• [PROBLEM DESCRIPTION]: Start at the first line of the material below and retype each line through the one containing "คลิปพุ่งไวรัล 1 ล้านวิวในข้ามคืน", exactly.

_ _ _

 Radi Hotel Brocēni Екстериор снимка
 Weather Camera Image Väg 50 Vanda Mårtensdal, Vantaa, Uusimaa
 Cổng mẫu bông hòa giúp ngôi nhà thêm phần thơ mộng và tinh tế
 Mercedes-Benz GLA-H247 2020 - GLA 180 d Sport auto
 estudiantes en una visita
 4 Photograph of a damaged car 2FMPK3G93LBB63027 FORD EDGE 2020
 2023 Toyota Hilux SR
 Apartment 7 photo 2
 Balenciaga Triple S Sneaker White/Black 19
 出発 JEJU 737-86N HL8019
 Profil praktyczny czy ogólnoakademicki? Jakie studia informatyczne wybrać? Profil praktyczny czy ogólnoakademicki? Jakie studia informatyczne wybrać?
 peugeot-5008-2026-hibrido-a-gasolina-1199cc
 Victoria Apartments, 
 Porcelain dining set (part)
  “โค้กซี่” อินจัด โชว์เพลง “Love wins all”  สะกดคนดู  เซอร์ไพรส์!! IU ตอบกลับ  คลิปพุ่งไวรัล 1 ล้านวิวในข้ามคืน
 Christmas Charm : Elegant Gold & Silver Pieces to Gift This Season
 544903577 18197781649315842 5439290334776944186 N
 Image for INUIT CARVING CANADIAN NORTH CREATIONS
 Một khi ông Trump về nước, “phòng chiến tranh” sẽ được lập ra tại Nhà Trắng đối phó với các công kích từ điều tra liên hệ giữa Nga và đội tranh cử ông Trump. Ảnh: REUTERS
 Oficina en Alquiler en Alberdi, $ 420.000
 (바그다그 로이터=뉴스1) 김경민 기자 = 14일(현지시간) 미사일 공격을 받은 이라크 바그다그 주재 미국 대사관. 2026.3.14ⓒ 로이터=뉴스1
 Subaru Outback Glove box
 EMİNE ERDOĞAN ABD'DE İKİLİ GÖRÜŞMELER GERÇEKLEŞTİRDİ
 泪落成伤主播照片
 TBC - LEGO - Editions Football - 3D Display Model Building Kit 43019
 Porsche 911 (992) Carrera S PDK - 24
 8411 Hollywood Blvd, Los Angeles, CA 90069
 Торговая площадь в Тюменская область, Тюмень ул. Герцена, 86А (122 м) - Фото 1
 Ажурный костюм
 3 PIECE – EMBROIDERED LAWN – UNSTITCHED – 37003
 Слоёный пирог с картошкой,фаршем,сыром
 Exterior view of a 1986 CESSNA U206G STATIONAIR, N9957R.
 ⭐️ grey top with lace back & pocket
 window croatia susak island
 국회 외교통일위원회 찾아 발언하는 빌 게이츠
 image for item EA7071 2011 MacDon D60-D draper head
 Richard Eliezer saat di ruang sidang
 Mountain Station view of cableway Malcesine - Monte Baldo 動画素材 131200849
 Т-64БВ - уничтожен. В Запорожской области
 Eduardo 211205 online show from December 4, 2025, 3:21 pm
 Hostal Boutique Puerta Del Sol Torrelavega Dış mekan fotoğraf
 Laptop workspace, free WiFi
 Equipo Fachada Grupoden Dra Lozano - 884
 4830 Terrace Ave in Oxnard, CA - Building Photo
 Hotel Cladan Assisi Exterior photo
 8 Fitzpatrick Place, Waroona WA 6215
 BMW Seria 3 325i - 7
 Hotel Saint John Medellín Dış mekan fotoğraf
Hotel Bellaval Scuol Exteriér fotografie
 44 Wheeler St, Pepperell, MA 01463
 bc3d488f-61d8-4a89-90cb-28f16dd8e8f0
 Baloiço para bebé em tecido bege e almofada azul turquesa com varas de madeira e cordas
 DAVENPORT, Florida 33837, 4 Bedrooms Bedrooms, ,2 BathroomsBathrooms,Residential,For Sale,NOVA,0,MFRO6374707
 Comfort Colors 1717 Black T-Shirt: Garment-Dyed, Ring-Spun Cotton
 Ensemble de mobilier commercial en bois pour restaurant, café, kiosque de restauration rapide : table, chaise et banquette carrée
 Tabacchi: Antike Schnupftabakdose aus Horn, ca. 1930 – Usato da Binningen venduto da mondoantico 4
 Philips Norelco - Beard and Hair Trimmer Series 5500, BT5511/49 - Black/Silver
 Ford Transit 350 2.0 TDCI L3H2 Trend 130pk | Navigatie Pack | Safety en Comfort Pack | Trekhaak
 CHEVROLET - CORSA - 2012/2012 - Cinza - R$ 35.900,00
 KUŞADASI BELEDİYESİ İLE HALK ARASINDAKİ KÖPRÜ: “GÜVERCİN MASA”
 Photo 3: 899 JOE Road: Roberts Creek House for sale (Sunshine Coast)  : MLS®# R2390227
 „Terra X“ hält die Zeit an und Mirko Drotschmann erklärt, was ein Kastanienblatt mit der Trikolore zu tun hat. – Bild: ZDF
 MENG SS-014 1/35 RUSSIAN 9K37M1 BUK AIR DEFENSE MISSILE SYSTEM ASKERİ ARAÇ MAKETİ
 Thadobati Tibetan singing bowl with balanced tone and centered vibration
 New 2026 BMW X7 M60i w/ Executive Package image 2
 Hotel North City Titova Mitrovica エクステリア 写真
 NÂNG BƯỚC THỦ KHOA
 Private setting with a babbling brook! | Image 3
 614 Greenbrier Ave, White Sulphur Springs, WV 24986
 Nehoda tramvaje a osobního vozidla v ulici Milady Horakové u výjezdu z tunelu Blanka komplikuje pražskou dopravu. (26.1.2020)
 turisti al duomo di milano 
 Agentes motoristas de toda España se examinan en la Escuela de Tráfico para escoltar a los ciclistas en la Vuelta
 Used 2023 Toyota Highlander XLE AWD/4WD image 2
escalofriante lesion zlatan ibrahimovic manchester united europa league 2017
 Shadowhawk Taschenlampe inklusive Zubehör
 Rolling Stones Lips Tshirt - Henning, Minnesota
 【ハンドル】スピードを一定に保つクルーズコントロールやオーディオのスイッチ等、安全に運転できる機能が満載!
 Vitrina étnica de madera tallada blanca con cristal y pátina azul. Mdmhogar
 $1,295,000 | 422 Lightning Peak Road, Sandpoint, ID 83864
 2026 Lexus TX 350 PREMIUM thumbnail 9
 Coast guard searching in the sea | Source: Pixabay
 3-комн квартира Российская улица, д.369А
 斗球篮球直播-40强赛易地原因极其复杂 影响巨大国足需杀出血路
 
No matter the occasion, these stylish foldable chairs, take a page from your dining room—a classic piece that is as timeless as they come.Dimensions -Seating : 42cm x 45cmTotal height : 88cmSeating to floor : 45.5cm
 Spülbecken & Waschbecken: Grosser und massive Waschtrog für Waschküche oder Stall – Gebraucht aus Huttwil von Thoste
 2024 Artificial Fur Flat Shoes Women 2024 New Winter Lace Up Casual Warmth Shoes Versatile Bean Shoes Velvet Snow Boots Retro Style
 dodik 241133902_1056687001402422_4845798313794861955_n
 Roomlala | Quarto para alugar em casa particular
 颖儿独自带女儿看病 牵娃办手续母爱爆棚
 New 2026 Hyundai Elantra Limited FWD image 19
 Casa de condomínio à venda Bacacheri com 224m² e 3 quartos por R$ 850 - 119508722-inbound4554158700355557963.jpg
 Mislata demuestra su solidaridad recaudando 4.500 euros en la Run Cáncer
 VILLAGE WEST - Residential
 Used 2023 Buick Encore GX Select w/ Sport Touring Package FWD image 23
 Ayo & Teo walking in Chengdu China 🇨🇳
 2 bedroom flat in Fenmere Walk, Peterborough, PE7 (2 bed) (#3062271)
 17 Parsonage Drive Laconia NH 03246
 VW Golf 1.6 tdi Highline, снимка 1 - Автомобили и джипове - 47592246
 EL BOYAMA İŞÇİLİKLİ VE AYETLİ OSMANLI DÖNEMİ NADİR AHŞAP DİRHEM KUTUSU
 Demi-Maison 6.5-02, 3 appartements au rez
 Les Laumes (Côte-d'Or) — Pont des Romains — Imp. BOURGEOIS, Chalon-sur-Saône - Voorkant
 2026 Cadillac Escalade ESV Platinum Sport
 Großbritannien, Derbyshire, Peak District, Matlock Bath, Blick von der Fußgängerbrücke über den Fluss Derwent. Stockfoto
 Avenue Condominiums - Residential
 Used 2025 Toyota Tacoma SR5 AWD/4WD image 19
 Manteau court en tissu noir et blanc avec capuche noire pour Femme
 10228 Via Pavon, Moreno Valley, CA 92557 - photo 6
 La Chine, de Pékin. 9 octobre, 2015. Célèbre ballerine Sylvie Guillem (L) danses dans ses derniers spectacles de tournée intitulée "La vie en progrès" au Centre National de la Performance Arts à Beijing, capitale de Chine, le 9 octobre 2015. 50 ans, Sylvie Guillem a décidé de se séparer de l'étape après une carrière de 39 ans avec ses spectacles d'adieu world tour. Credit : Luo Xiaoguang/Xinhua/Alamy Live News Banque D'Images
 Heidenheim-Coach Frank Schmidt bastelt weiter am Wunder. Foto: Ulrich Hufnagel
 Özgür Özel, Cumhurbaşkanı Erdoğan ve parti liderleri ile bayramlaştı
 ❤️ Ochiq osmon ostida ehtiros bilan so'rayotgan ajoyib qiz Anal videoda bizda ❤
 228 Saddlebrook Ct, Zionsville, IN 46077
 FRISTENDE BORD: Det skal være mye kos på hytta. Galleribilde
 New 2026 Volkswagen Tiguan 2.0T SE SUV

_ _ _

• [WRITTEN ANSWER]:
 Radi Hotel Brocēni Екстериор снимка
 Weather Camera Image Väg 50 Vanda Mårtensdal, Vantaa, Uusimaa
 Cổng mẫu bông hòa giúp ngôi nhà thêm phần thơ mộng và tinh tế
 Mercedes-Benz GLA-H247 2020 - GLA 180 d Sport auto
 estudiantes en una visita
 4 Photograph of a damaged car 2FMPK3G93LBB63027 FORD EDGE 2020
 2023 Toyota Hilux SR
 Apartment 7 photo 2
 Balenciaga Triple S Sneaker White/Black 19
 出発 JEJU 737-86N HL8019
 Profil praktyczny czy ogólnoakademicki? Jakie studia informatyczne wybrać? Profil praktyczny czy ogólnoakademicki? Jakie studia informatyczne wybrać?
 peugeot-5008-2026-hibrido-a-gasolina-1199cc
 Victoria Apartments, 
 Porcelain dining set (part)
  “โค้กซี่” อินจัด โชว์เพลง “Love wins all”  สะกดคนดู  เซอร์ไพรส์!! IU ตอบกลับ  คลิปพุ่งไวรัล 1 ล้านวิวในข้ามคืน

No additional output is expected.